Anaerobic decomposition of garbage produces methane, a powerful greenhouse gas. At dumps methane seeps out into the atmosphere and contributes to global warming. When methane builds up and is then exposed to air, it can explode. Modern, engineered landfills have gas collection systems to capture methane, which makes it safer. When this captured methane is used to create electricity, heat buildings or power garbage trucks, its threat as a greenhouse is reduced.
Dumps are big, open and porous. There are no boundaries to keep garbage in or keep people and animals out. Garbage blows out with the wind or washes away in rain. At landfills, only a small area, the “working face,” is open at any one time. Trash is tipped at the working face and then covered with dirt at the end of the day. Garbage is entombed by dirt. This keeps garbage in and rats away. Garbage dumped at Estrutural easily leaks out into the environment.
At dumps, recycling is done informally by waste pickers who scavenge through the garbage and collect anything of value. Two million people scavenge at dumpsites worldwide. Next to Estrutural dump is a shanty town where 40,000 waste pickers and their families live. Scavenging is filthy, dangerous work. One hundred fifteen people died at a dump in Ethiopia in 2017 when a mountain of trash collapsed. Waste pickers are killed in fires, explosions and by heavy machinery. They die young from diarrhea, malaria, cholera and yellow fever that breed in the unsanitary, mosquito-infested conditions at dumps. What is the appeal of scavenging? People can earn a living. A good waste picker earns three times Brazil’s minimum wage. No formal education is needed. Even children can scavenge, and they do.

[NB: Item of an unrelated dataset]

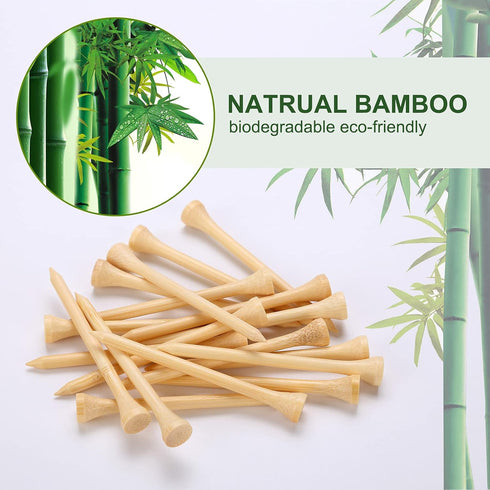 Golf Tees Durable Bamboo Tees - 100Pcs 3-1/4" Biodegradable Material for Reduced Friction and Stable Performance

At landfills, there is no access and no scavenging. Some waste pickers will be employed at sorting and recycling facilities near the new landfill where work conditions are much safer. Many won’t. Finding work for these people may be one of the hardest parts of closing a dump.
ISWA is on a mission to close the world’s fifty largest dumpsites and replace them with engineered landfills. In 2016 they published A Roadmap to Closing Waste Dumpsites to help developing countries make the transition from dumps to engineered landfills. The report covers the political, financial, technical, environmental as well as social requirements necessary to close a dump. There are forty-nine dumpsites left on their list.
Let’s hope ISWA reaches its goal soon. Most plastic in the ocean comes from developing countries with sieve-like waste infrastructure. These countries have dumps, not landfills, and trash leaks out of open dumps. Closing the world’s remaining forty-nine largest dumps will help plug the flow of plastic entering the oceans. Landfills are an important first step in solving our ocean plastic problem, but we need to do more than find a safe place to put our plastic waste. Landfills give us time to learn how to use plastic wisely. We can all help while we learn. Grab a bag from the BlueTube at your beach. Pick up plastic. Maybe it floated in from a dump on ISWA’s list. Throw it away. Keep that plastic out of the ocean. Send it to a landfill.